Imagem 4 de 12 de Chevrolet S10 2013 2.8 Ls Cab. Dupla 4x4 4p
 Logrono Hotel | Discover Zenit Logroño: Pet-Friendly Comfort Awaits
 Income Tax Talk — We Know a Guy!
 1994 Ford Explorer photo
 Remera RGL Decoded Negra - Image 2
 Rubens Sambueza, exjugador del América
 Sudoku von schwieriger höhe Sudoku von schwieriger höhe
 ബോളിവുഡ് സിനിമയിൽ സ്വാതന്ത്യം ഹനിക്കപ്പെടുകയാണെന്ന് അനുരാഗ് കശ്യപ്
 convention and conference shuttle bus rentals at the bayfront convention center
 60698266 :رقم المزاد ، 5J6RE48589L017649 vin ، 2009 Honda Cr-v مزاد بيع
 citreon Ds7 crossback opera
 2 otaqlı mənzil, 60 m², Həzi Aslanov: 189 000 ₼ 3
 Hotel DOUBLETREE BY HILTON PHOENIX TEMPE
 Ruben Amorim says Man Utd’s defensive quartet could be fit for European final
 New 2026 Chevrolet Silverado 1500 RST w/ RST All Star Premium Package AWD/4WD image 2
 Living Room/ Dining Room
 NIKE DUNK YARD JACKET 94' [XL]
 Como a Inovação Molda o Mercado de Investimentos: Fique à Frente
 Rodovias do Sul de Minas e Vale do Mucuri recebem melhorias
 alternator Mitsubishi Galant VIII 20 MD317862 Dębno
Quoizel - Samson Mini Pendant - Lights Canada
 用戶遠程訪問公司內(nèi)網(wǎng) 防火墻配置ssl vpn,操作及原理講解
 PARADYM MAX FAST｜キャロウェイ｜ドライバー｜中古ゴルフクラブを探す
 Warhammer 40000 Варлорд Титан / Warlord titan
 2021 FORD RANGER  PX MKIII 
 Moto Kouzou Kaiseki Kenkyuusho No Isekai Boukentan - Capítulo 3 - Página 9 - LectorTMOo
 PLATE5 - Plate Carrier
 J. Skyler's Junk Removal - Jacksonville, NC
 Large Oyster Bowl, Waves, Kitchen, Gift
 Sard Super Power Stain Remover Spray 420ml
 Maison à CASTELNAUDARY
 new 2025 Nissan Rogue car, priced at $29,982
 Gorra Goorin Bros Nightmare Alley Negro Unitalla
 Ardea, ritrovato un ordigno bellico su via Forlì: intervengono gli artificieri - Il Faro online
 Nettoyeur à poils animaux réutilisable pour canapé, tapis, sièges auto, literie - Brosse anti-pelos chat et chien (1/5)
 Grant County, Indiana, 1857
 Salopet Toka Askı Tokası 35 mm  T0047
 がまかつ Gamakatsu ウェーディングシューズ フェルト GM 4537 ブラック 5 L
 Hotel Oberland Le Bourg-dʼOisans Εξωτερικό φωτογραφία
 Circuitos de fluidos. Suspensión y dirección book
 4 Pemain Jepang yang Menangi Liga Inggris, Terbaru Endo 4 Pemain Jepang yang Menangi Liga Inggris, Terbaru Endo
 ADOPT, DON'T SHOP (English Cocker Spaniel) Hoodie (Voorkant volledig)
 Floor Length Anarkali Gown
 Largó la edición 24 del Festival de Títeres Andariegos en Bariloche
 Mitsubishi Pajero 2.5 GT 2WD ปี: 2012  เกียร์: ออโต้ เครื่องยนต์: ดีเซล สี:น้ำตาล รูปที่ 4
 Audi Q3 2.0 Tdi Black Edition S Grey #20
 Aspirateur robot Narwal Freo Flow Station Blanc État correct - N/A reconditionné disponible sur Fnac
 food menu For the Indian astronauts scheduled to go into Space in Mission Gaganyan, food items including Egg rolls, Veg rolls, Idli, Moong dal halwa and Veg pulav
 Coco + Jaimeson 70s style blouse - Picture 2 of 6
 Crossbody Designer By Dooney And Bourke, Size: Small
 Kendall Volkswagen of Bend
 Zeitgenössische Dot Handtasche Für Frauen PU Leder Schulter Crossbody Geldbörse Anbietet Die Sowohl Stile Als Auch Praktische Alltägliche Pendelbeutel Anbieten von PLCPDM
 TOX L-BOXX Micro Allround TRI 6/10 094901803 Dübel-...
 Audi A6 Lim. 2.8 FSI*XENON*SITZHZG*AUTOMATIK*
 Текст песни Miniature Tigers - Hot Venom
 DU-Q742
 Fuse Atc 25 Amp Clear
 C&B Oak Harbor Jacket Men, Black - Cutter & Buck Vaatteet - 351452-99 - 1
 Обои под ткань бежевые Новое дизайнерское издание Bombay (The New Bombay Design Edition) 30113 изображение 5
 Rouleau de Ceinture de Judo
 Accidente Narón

--- TASK DETAILS ---
Please return exactly the lines from the opening line of the data above through the line with "ബോളിവുഡ് സിനിമയിൽ സ്വാതന്ത്യം", both included and nothing else.

--- EXERCISE RESULT ---
Imagem 4 de 12 de Chevrolet S10 2013 2.8 Ls Cab. Dupla 4x4 4p
 Logrono Hotel | Discover Zenit Logroño: Pet-Friendly Comfort Awaits
 Income Tax Talk — We Know a Guy!
 1994 Ford Explorer photo
 Remera RGL Decoded Negra - Image 2
 Rubens Sambueza, exjugador del América
 Sudoku von schwieriger höhe Sudoku von schwieriger höhe
 ബോളിവുഡ് സിനിമയിൽ സ്വാതന്ത്യം ഹനിക്കപ്പെടുകയാണെന്ന് അനുരാഗ് കശ്യപ്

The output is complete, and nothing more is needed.